▶ Excerpts from a dataset
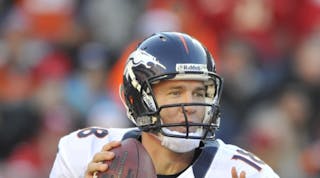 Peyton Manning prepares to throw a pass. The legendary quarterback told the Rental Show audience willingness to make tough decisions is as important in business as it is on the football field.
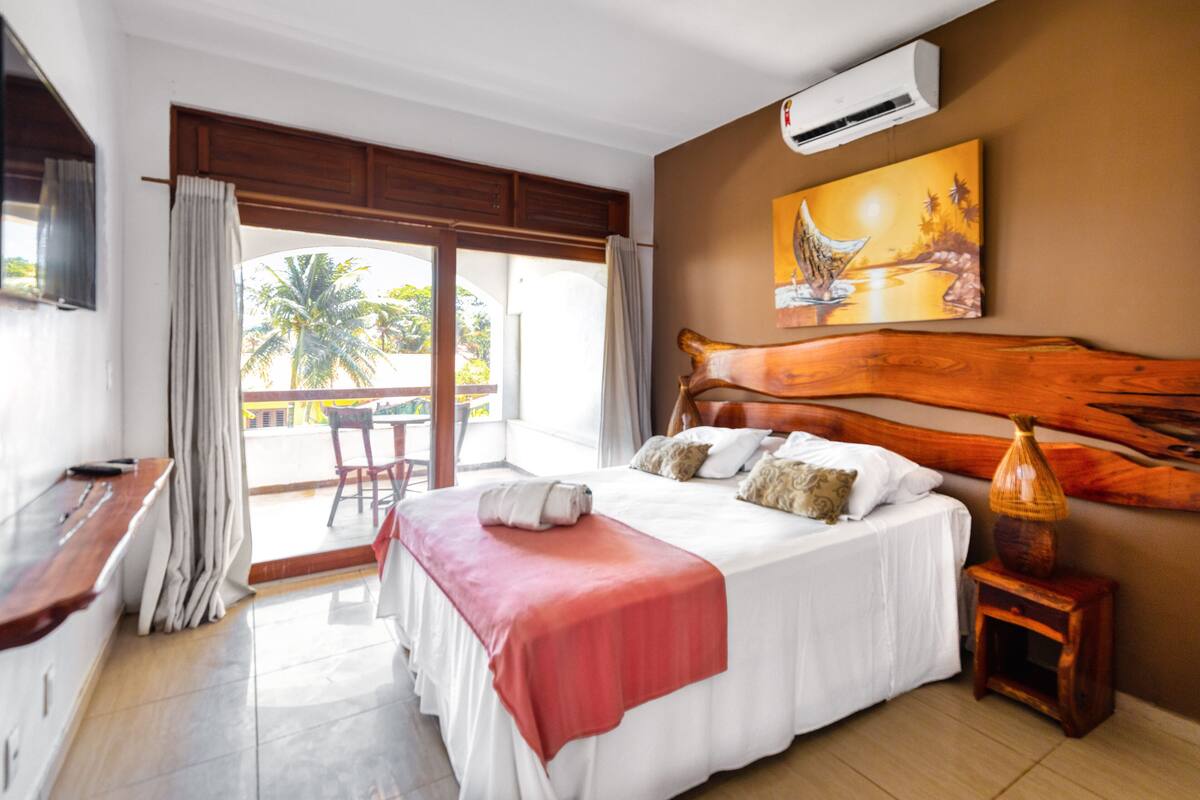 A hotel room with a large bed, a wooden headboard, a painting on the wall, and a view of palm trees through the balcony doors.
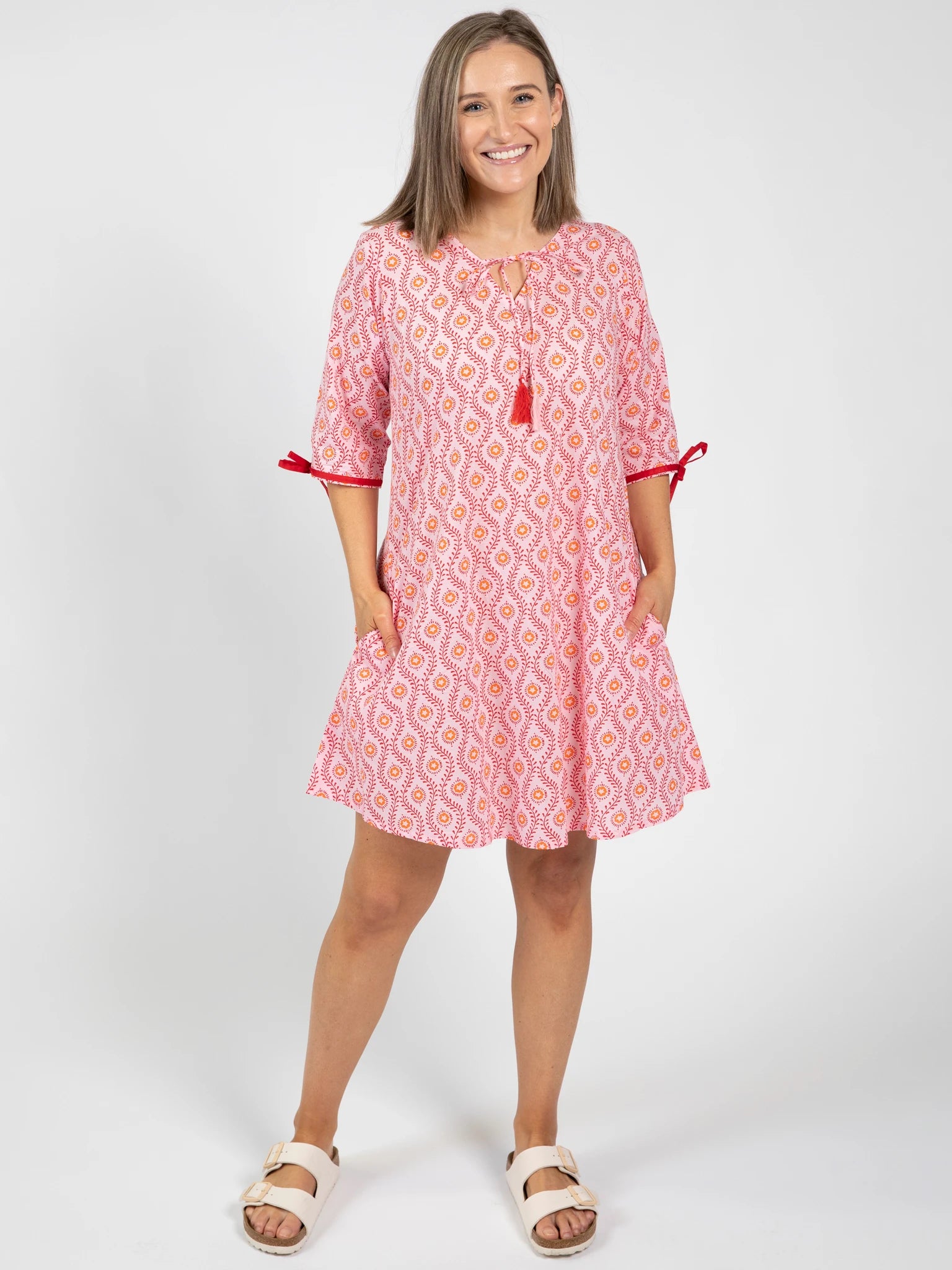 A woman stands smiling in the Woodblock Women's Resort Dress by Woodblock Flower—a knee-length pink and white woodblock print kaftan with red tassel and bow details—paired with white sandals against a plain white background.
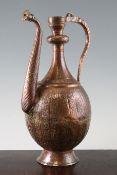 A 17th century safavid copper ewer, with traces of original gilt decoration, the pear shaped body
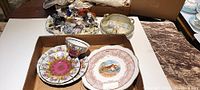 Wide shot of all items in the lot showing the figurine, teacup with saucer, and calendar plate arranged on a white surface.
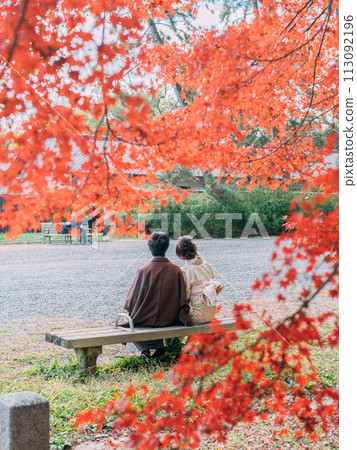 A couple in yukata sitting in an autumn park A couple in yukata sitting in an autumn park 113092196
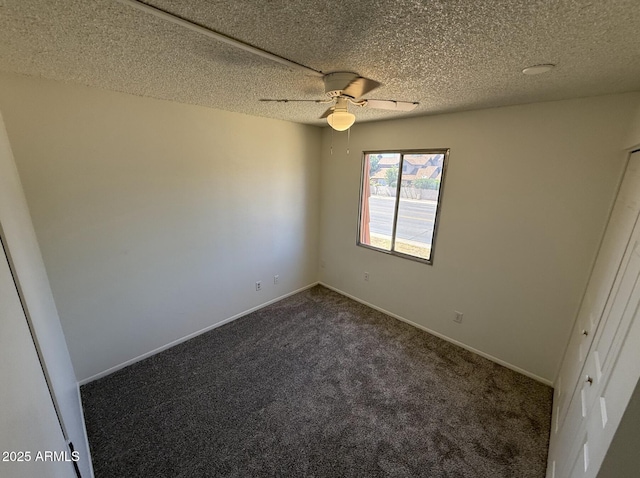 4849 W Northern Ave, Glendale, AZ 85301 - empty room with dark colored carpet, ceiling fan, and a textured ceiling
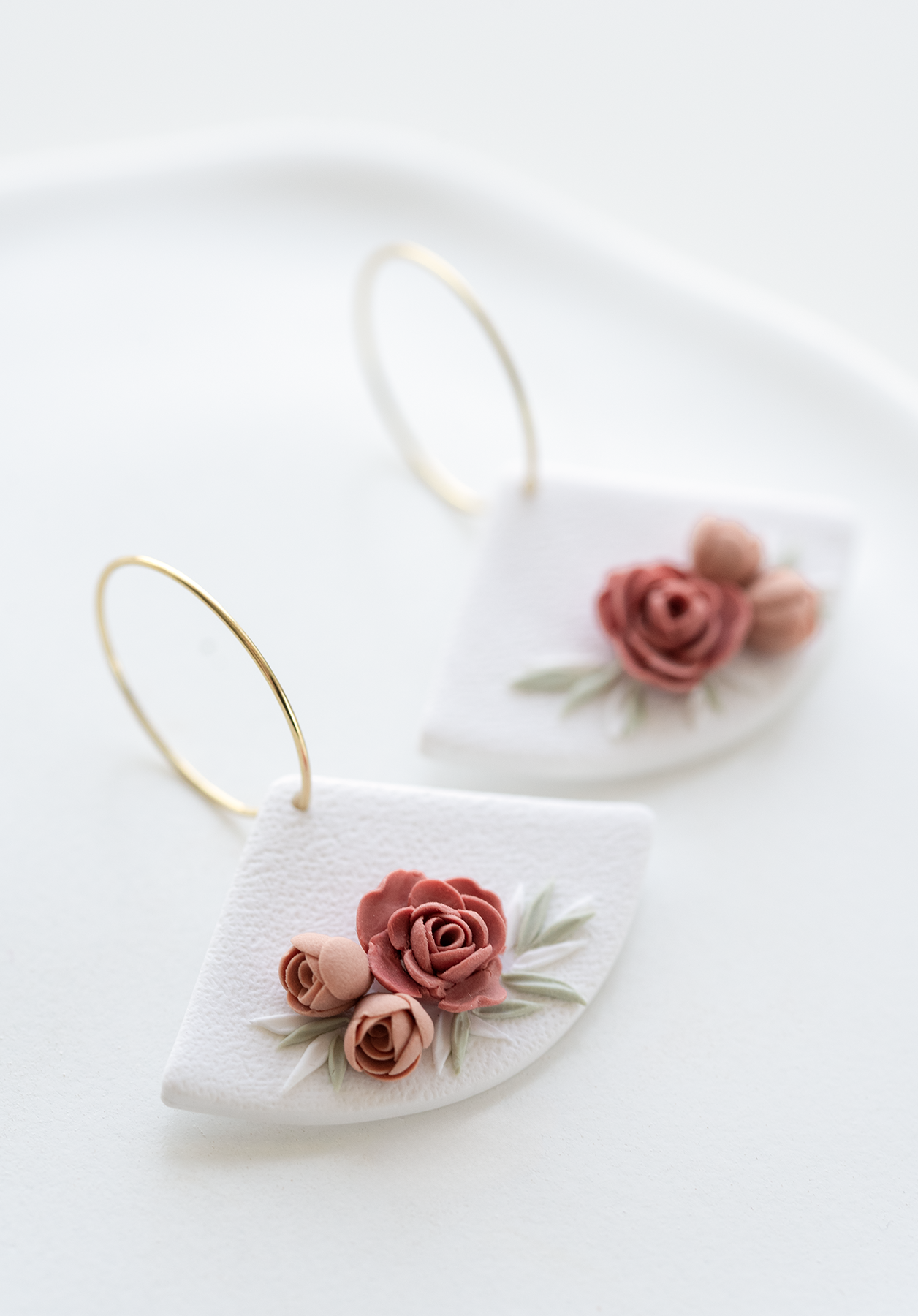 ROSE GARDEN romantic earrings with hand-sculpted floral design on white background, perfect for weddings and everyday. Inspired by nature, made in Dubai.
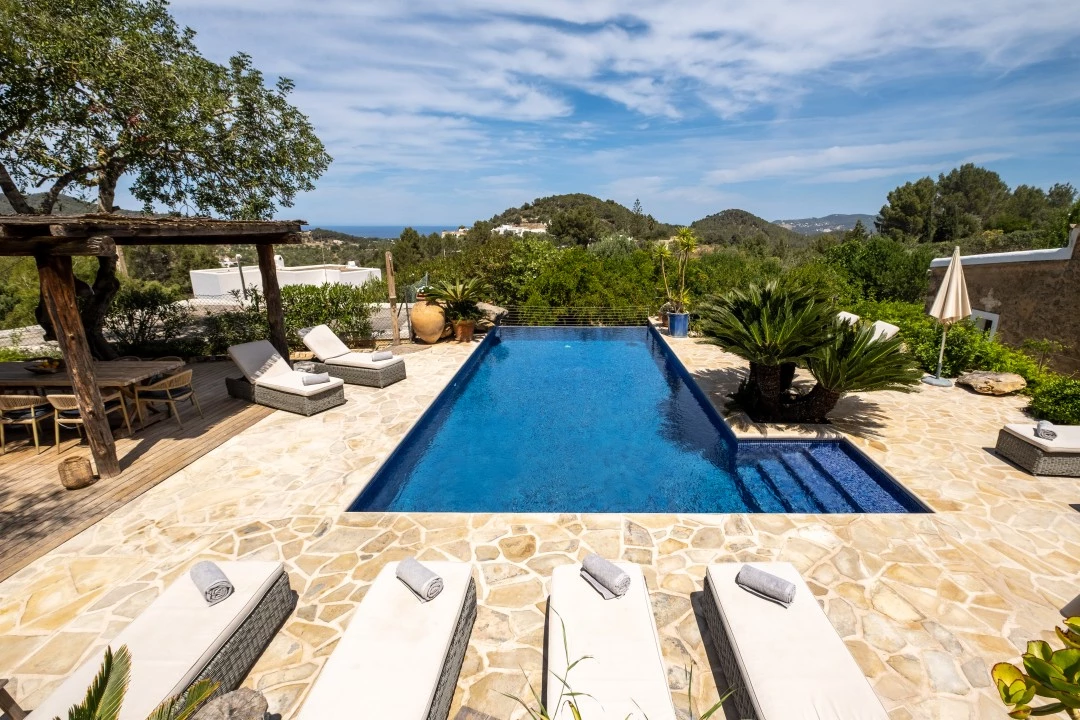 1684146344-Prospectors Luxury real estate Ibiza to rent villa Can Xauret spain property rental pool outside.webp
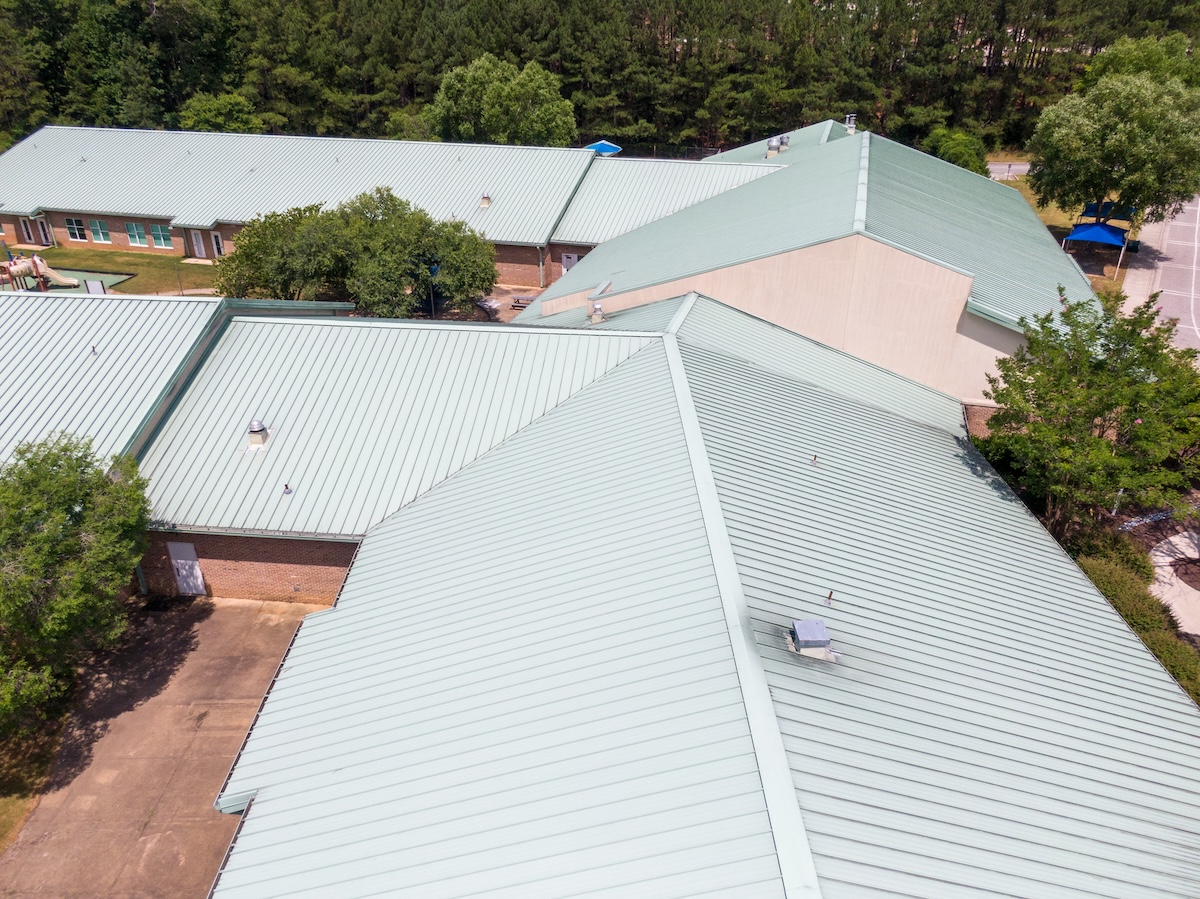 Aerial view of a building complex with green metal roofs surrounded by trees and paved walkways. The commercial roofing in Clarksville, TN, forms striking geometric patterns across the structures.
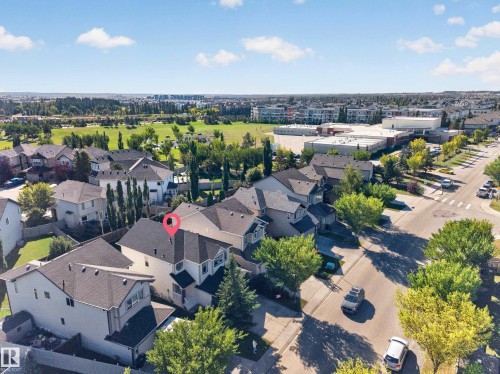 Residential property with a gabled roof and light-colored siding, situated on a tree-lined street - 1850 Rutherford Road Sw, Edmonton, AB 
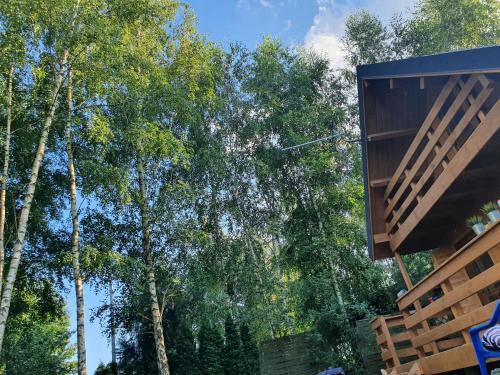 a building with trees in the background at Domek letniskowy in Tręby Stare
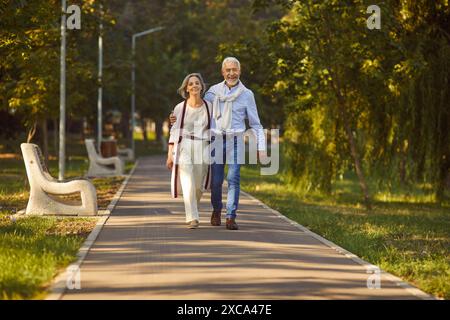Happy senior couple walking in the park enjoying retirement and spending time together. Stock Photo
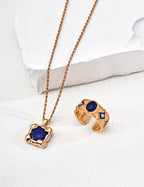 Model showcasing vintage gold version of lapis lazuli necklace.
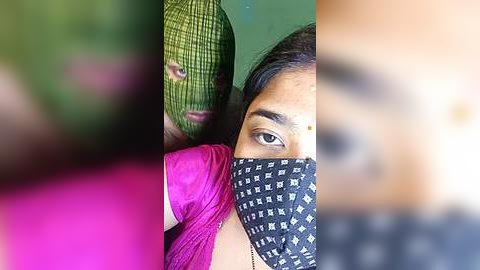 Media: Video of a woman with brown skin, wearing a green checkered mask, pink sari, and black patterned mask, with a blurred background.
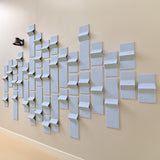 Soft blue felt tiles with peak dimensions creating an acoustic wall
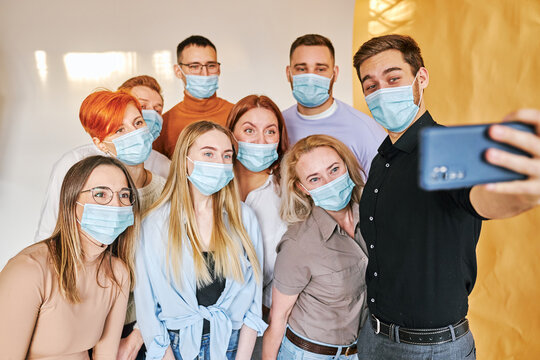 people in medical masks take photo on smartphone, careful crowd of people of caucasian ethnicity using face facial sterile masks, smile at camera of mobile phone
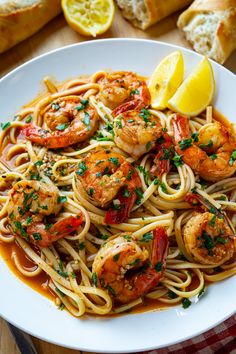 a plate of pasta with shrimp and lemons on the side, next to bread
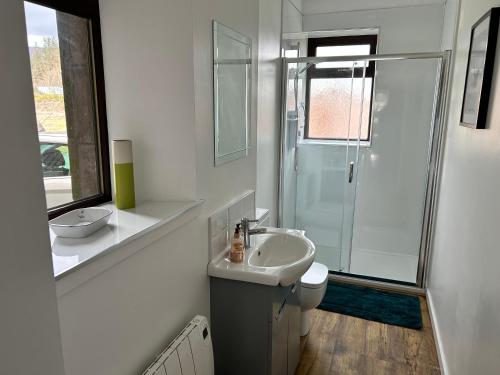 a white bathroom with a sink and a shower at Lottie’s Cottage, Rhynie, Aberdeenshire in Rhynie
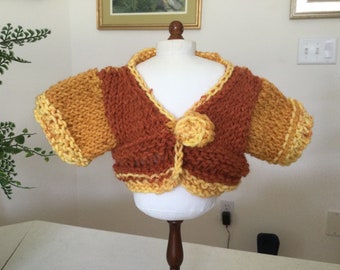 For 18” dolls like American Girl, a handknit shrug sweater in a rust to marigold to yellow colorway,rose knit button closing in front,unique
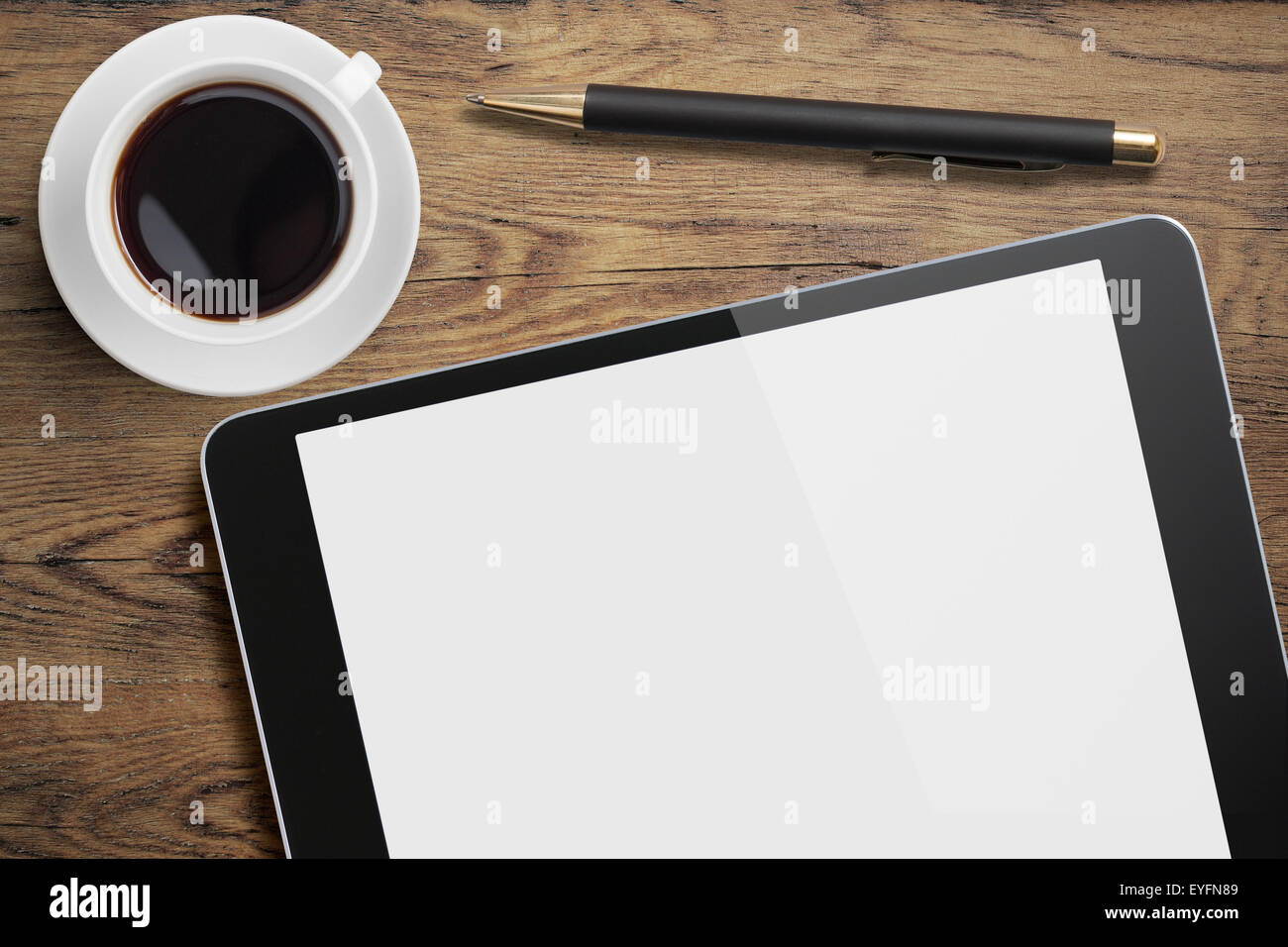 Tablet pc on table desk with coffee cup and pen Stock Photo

▶ Your instructions
Only the lines starting at the one that holds "Aerial view of" and ending at the last line of the data belong in your answer. Please set them down exactly and omit the pictures.

▶ Worked solution
 Aerial view of a building complex with green metal roofs surrounded by trees and paved walkways. The commercial roofing in Clarksville, TN, forms striking geometric patterns across the structures.
 Residential property with a gabled roof and light-colored siding, situated on a tree-lined street - 1850 Rutherford Road Sw, Edmonton, AB 
 a building with trees in the background at Domek letniskowy in Tręby Stare
Happy senior couple walking in the park enjoying retirement and spending time together. Stock Photo
 Model showcasing vintage gold version of lapis lazuli necklace.
 Media: Video of a woman with brown skin, wearing a green checkered mask, pink sari, and black patterned mask, with a blurred background.
 Soft blue felt tiles with peak dimensions creating an acoustic wall
 people in medical masks take photo on smartphone, careful crowd of people of caucasian ethnicity using face facial sterile masks, smile at camera of mobile phone
 a plate of pasta with shrimp and lemons on the side, next to bread
 a white bathroom with a sink and a shower at Lottie’s Cottage, Rhynie, Aberdeenshire in Rhynie
 For 18” dolls like American Girl, a handknit shrug sweater in a rust to marigold to yellow colorway,rose knit button closing in front,unique
 Tablet pc on table desk with coffee cup and pen Stock Photo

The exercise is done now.